Nutshell: Arthurian Legend as heist caper. Ritchie’s take on the legends of Arthur and the gang is more gang and less legend as he fashions his tale for the 21st Century. Strap in for the usual Ritchie dizzying jump cut sequences and fast paced action, and leave any idea of Le Morte d’Arthur at the door. This Arthur has about as much historical significance as A Knight’s Tale or Clash of the Titans, but all the throw-down you’d expect from a Ritchie joint, and the cast is game as hell. Grade: B
“You’re quickly becoming a legend.”
Story: Arthur, a tough that grew up on the streets of Londinium, finds out that he’s actually the son of King Uther Pendragon (may he rest in peace.) Great news, right? WRONG; Arthur’s Uncle Vortimer holds the throne, and will do anything to keep it. Can Arthur, a group of wayward fighters, lone mage that talks to animals, and one groovy sword take over? Um, the film’s called KING Arthur. So…
Genre I’d put it in: Crazy Rides That Have A Passing Nod To Classic Lit
Remake, Sequel, Based-On, or Original: Very, very loosely based on Arthurian Legend. Very loosely. As if Arthurian Legend lost about 200 pounds and tried to wear the same pants as before.
Gotta say: Ritchie! Hunnam! The color palette from Game of Thrones! This ain’t your English teacher’s Arthur y’all – there’s definite liberties with Mordred, Vortigern, and well, everyone. Think of this as the “Oy! Right?” version of Arthur. And there’s good and bad in that.

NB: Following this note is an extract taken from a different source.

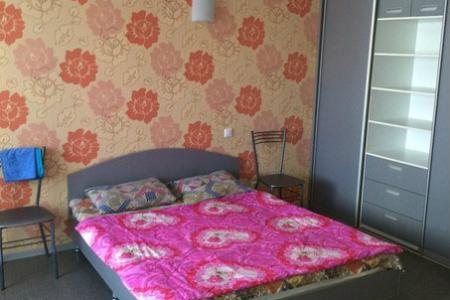 Сдаю 1-комнатную студию на просп.Победы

For the most part Arthur is a slam-bang action extravaganza, with echoes of genre films scattered throughout. Art direction is equal parts Waterhouse, Lord of the Rings, and Game of Thrones, with a healthy dollop of Frank Franzetta. (The “creature” that kills Uther is straight up Franzetta’s Death Dealer.) Denis Schnegg (Ex Machina) blends all these nerd touchstones well, though you’ll definitely notice the tributes when they pop up. I absolutely adored how Schnegg envisioned Arthurian-era London/Londinium, all growing pains as the English strive to build around (and under, and through) crumbling Roman architecture.
As far as FX go, they’re as spectacular as you’d expect from a film that nods to the fantasty genre. Huge, Imperial Walker sized elephants storm the castle. Wood nymphs literally come out of the woodwork. There’s no dragon under the castle, but instead Ritchie takes from later tales and inserts sirens. And they’re totally cool, with a nice blend of danger and intrigue. They’ve got a look that’s reminiscent of Ursula, but with these ladies there’s beauty as well as beast. And this film’s Lady of the Lake is absolutely breathtaking; those underwater shots are sheer perfection, and I can’t help but wonder how long it took to get hair, ribbons, gown, etc. just so. Shout out to costumer Annie Symons (Da Vinci’s Demons) for handling both fantasy and realism so well.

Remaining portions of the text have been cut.